Former RAF station in Oxfordshire, England

Royal Air Force Barford St John or more simply RAF Barford St John is a Royal Air Force station just north of the village of Barford St. John, Oxfordshire, England. It is now a non-flying facility, operated by the United States Air Force as a communications centre with many large communications aerials, and is a satellite of RAF Croughton.

==History==
===RAF use===
RAF Barford St John was opened on 30 July 1941 as a training facility for RAF Flying Training Command. It had three grass runways, used primarily by Airspeed Oxfords of No. 15 Service Flying Training School RAF from RAF Kidlington. The airfield was rebuilt as an RAF Bomber Command airfield with paved runways and night operations equipment and reopened as a satellite for RAF Upper Heyford in December 1942. In 1943 the station served as flight test centre for its Gloster E.28/39 and Gloster Meteor jet aircraft. Bomber Command and No. 16 Operational Training Unit was stationed there with Vickers Wellingtons until December 1944. No. 1655 Mosquito Training Unit RAF replaced the Wellingtons at that time. After the war the airfield was closed in 1946 and placed into care and maintenance.

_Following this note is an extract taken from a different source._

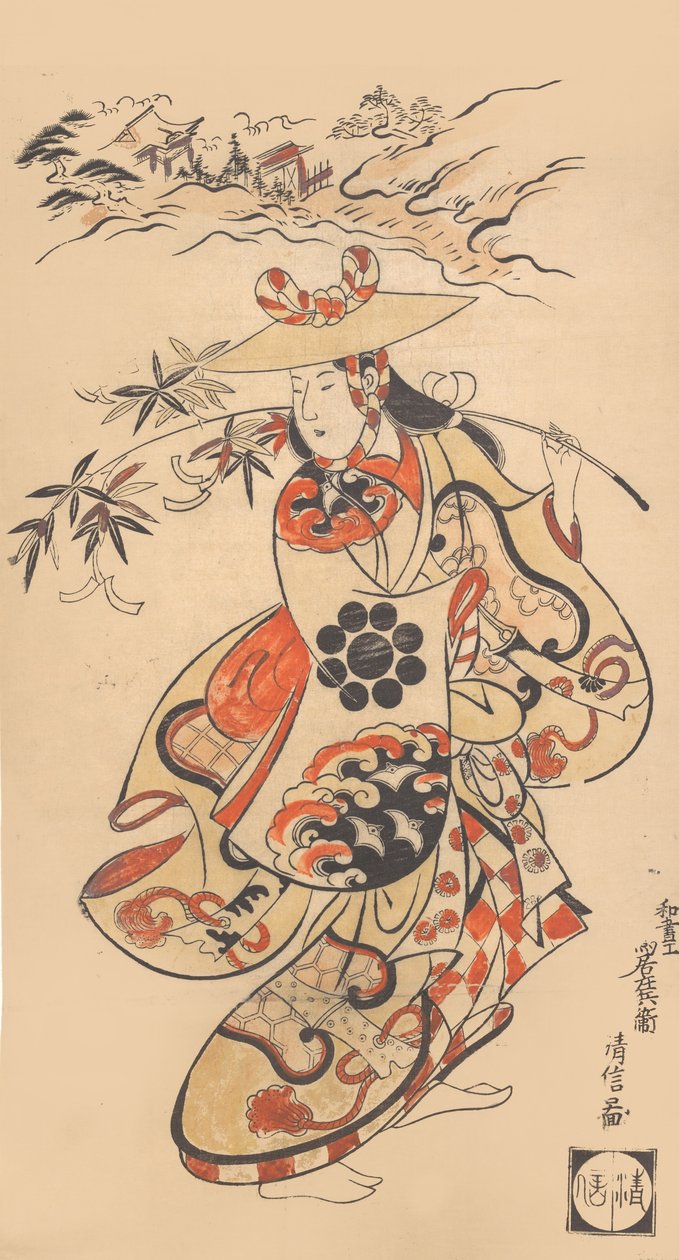 Ator Sawamura Kodenji como uma mulher na época do Festival Tanabata, 1698. de Torii Kiyonobu I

The site was used for some background filming for the 1949 film Twelve O'Clock High.

The following units were also there at some point:
- No. 4 Squadron RAF
- Satellite for No. 21 Heavy Glider Conversion Unit RAF (December 1944)
- No. 169 Squadron RAF
- No. 170 Squadron RAF

===USAF use===
In 1951 the United States Air Force opened a communications (transmitter) centre on the airfield. The site has a Scope Signal III installation which was used to modernize "Giant Talk", Strategic Air Command's world-wide command and controls network, which operates from RAF Croughton.